Ce cheminement a amené Geneviève Ryelandt à réaliser en 1999, un spectacle de théâtre-mouvement, Les petites Catastrophes, qui était le prolongement d’un travail d’écriture où des fragments de textes de Botho Strauss étaient mis en résonance avec des images de spectacles de Pina Bausch. (Des extraits de cet essai ont été publiés dans Alternatives théâtrales n°45, Le monologue, juin 1994).
En 2014 elle s’est attelée à l’écriture d’un texte basé sur le mythe de Médée, figure qui hante l’artiste depuis de longues années. Une première version en a été donnée à Bruxelles en décembre 2015.
À partir de cette expérience elle a ensuite retravaillé le texte qui a été publié récemment. (1)
Ce petit texte d’une trentaine de pages est une formidable matière à jouer. Son écriture permet, quels que soient les moyens théâtraux qui seraient mis en oeuvre – du théâtre pauvre et minimaliste à une mise en scène qui ferait appel à une scénographie plus élaborée – de produire un spectacle qui parle au cœur et à l’intelligence du spectateur. (Avis aux compagnies à la recherche de textes d’aujourd’hui !)

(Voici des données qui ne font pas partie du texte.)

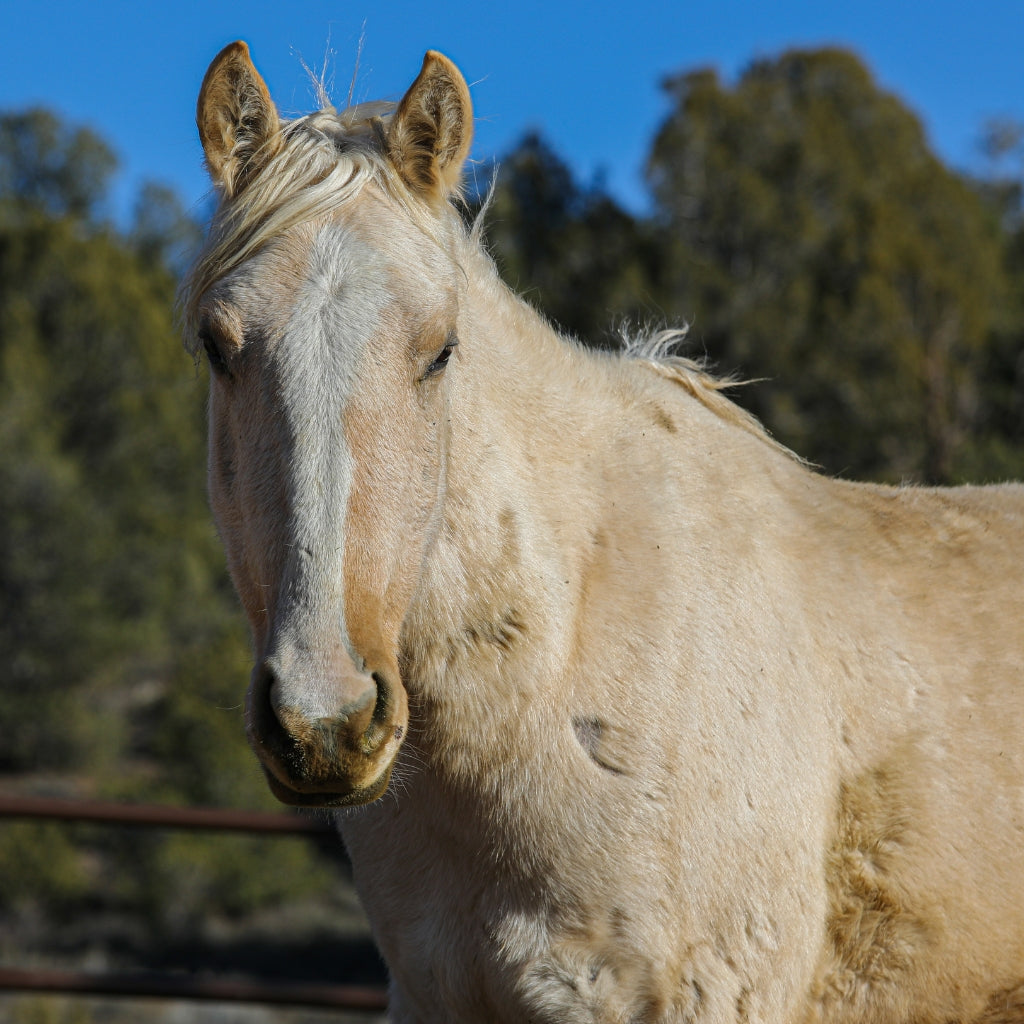 Willow the Alpine Mare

Se déroulant en cinq séquences, le texte sous son apparence « débridée » est en même temps très structuré et maîtrisé. Il s’empare de personnages puisés dans la tragédie d’ Euripide – Médée, Jason, Hélios (la mère, le père, l’enfant) – en y ajoutant un quatrième intervenant , « l’écho », qui est comme l’inconscient de Médée et ne cesse de se rappeler à elle.
Il y a en permanence une « double écriture » qui oscille entre l’ordinaire et le sublime, la gravité et l’humour, le gag et la pensée inspirée, la sentence et la citation détournée. Métaphore de la vie et du théâtre qui balance entre évènements du réel et vie imaginaire.
Médée a-t-elle tué son enfant ? La femme du récit a-t-elle vécu une interruption de grossesse ? Son fils est-il mort ou vivant ? Appartient-il à son père ou à sa mère ?
Le titre de la pièce, renvoie à la forme de ce récit, dont le ressort est une écriture rythmée qui assume les glissements d’une époque à une autre, celle de la tragédie d’Euripide et le monde actuel, jouant avec les archétypes de la vie d’un couple qui se dispute son enfant. C’est l’originalité et la force de cet ouvrage ramassé dans ces cinq courtes séquences dont les appellations sont tout un programme : Les retrouvailles, Les révélations, Le fils, Catharsis, L’envol…
1. Geneviève Ryelandt, Rythm & Blues, Edilivre, 2017,prix 7,5€.